All of the work of redemption has already been paid upon the cross nearly 2,000 years ago. All I had to do was surrender to Him, and I became free. I, who was formerly a pagan, was redeemed and is now used by God, as much as my faulty self can be used, to bring about God’s will here on earth. And this story repeats itself every day. Maybe it has in you, or maybe it needs to begin in you. That’s what Easter is about.

Historically, the fight over Easter culminated in 325 A.D. at the First Council of Nicaea. This council separated the celebration of Easter from its connection to the Jewish Passover. This separation is somewhat ironic because Jesus is our Passover lamb (John 1:28, 1 Corinthians 5:7, and 1 Peter 1:18-21) and the Lord’s Supper is a remembrance of the Passover meal that Jesus shared with his disciples (1 Corinthians 11:23-26 and Matthew 26:26-29). The change instituted by this council allowed Easter to always fall on a Sunday. Unfortunately, it also created one of the earliest significant divisions in the Church. A division that eventually culminated in the split of the eastern and western churches. A division that we still see manifested when people argue over Easter.

All too often Christians want to be known by our stances against things like Easter or some other immorality rather than being known for the thing that Jesus wants us to be known for. Jesus said, “A new commandment I give to you, that you love one another: just as I have loved you, you also are to love one another. By this all people will know that you are my disciples, if you have love for one another” [John 13:34-35 (ESV)]. Jesus said that people will know that we are His followers by the love we have for one another. And love, when linked to the power and sacrifice of Jesus, redeems.

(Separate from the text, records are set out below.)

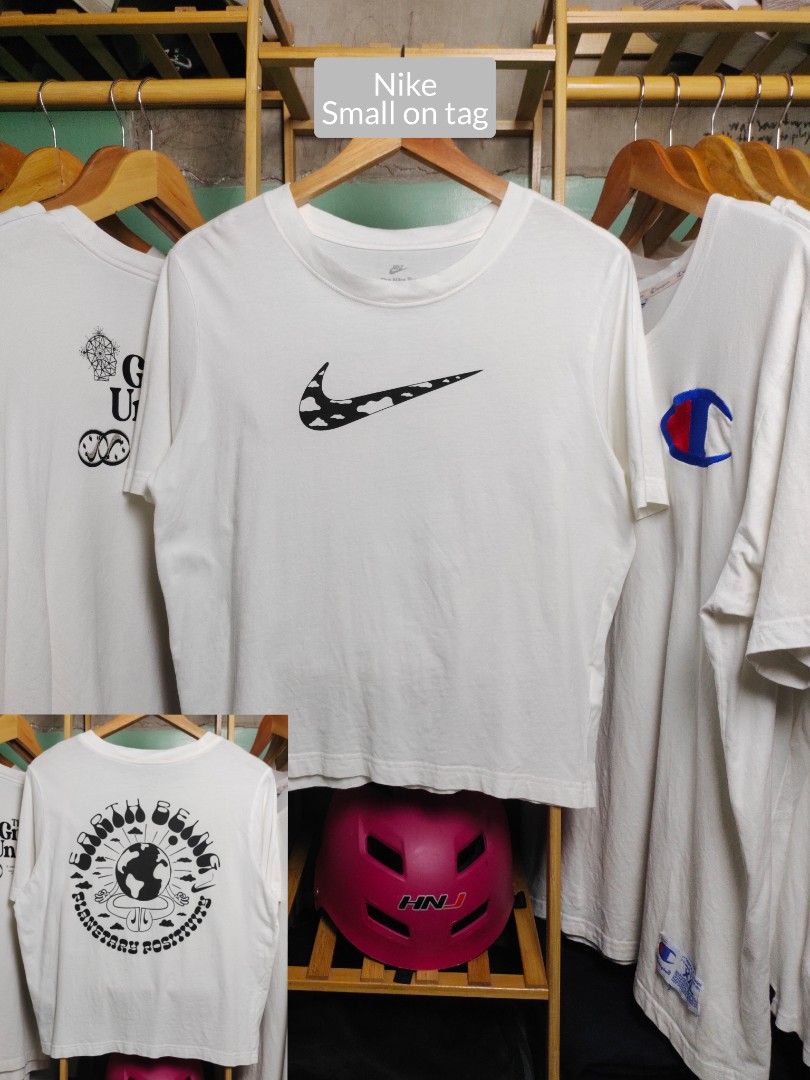 Nike White Graphic (Category: Shirts) located in Tayabas. Submitted by lorrena (Listing ID 1468436321, Image 1). Description: - Brand: Nike - Style: Graphic tee with cow print swoosh and back print - Size: Small - Design Details: Front cow print logo, back 'Earth Being Planetary Positivity' circular graphic, classic crew neck, short sleeves - Condition: Clean and in good shape.
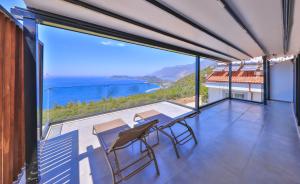 a balcony with a table and chairs and a view of the ocean at Villa Sky Line - Private Pool - Panoramic Sea View in Kaş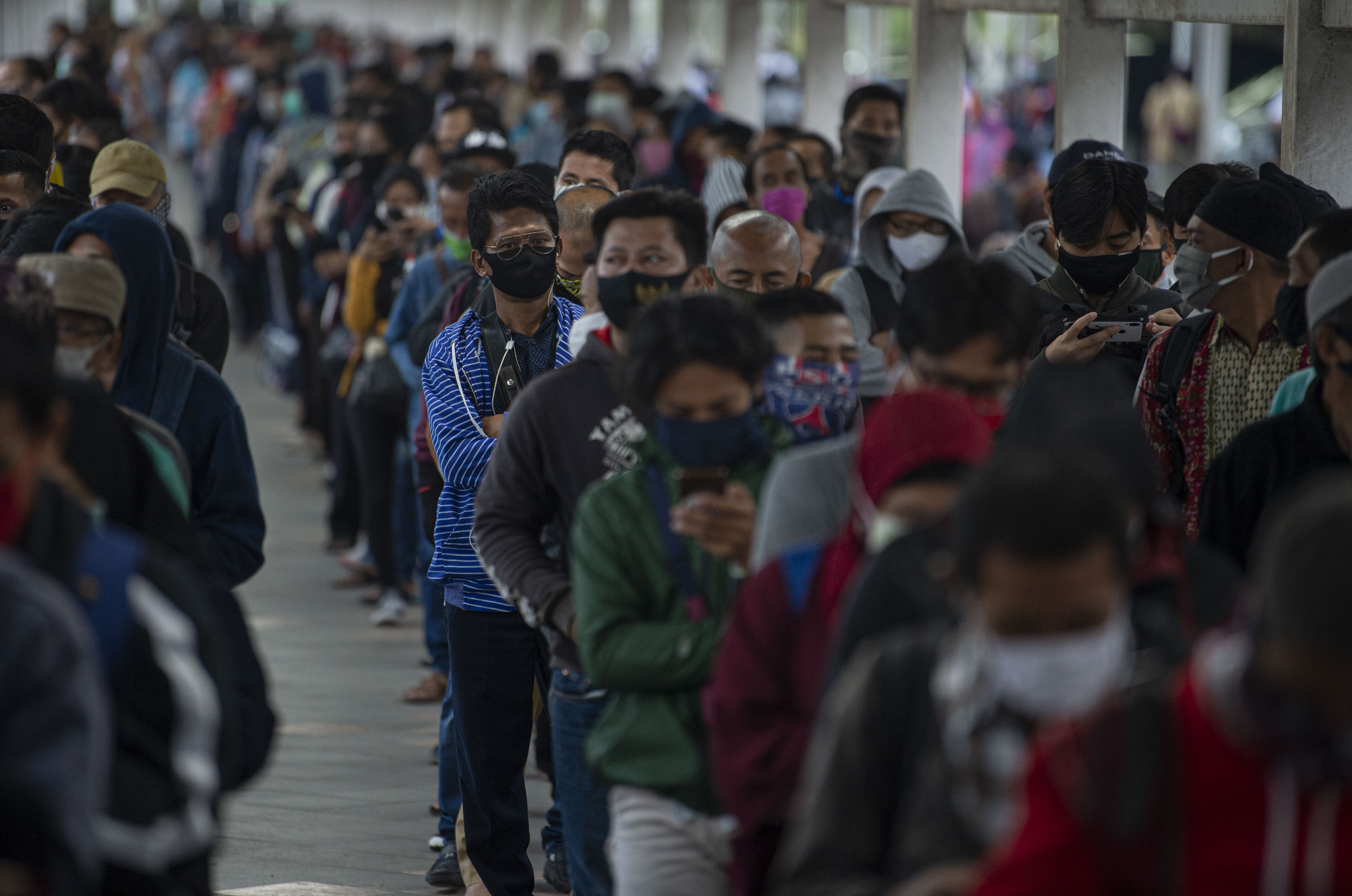 Sejumlah calon penumpang KRL Commuterline mengantre memasuki Stasiun KA Bogor di Kota Bogor, Senin (29/6/2020)
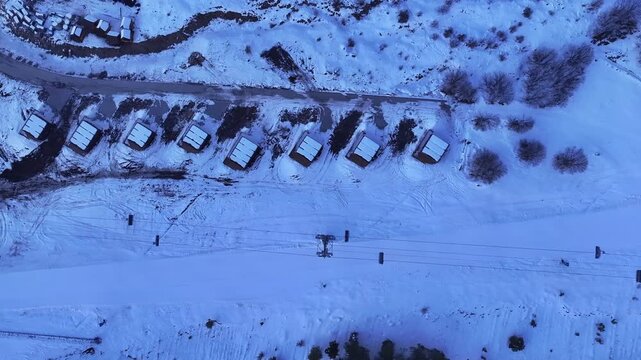 Aerial views of a winter ski resort with a chairlift operating on snowy mountain slopes against a beautiful pink sunset sky, offering a scenic and serene alpine landscape.

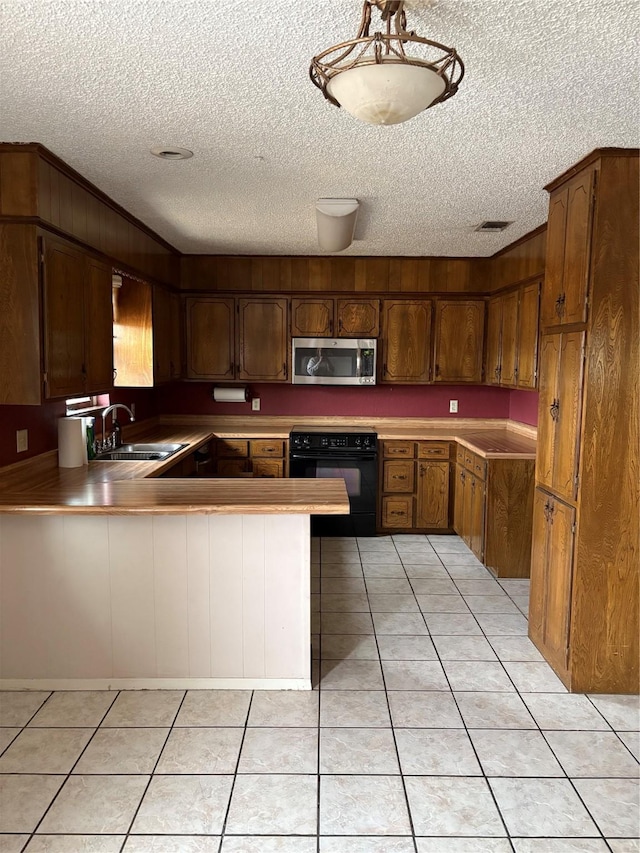 kitchen with sink, stove, light tile patterned floors, kitchen peninsula, and a textured ceiling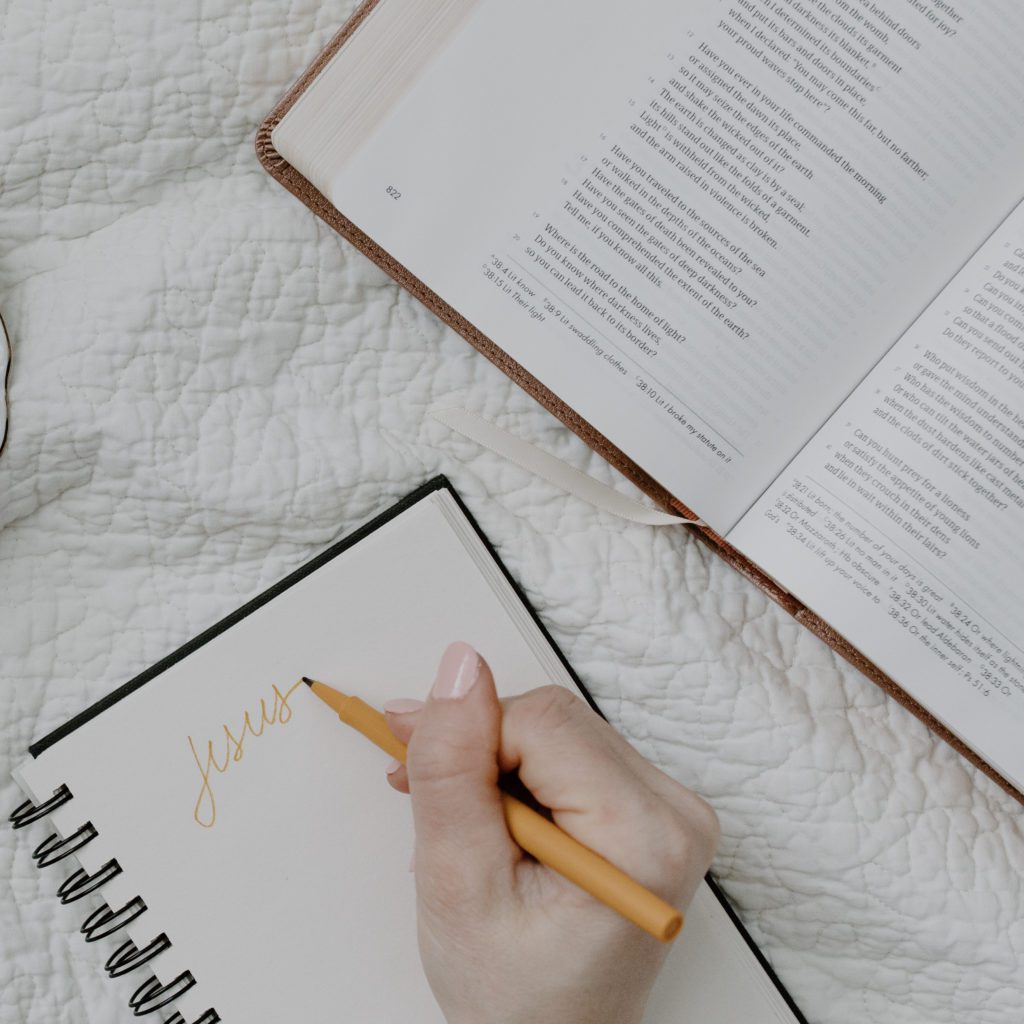 Person writing Jesus in a journal with her Bible Open | why I put my faith in Jesus | Positively Jane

We can choose whether we will just sit around and study the Bible, experience God, isolate ourselves from the world, and refuse to join Jesus in the world’s redemption. Many Christians have chosen that path because they view the world as inherently evil and without hope. Or we can be used by God as his redemption tool by loving one another and the people in the world around us. Our neighbors, our co-workers, and our family need to know Jesus’ love through our lives of love to them. My life and the lives of those also touched by Jesus through the love of his faithful followers are evidence that people willing to be in the world but not of the world are wonderful and blessed.

At this time of year, we can choose to get hung up on the name we use for this holiday, Easter or Resurrection Sunday, but we might forget its purpose amidst all the vitriol exchanged back and forth. With Easter, let’s not focus on bringing back the original meaning of the holiday. That would mean us dancing around Ishtar poles and participating in other pagan rituals.

The purpose of this holiday, regardless of its origin, is to celebrate the redemption that we have through the sacrifice of Jesus on the cross. The new life that we see spring up all around us at this time of the year is a great reminder of the new life we can have in Jesus. From the death of last fall springs life. From our collective death in the fall of humanity, we can have a new life. It’s Easter. It’s a celebration of life. It’s the day of our Lord’s resurrection!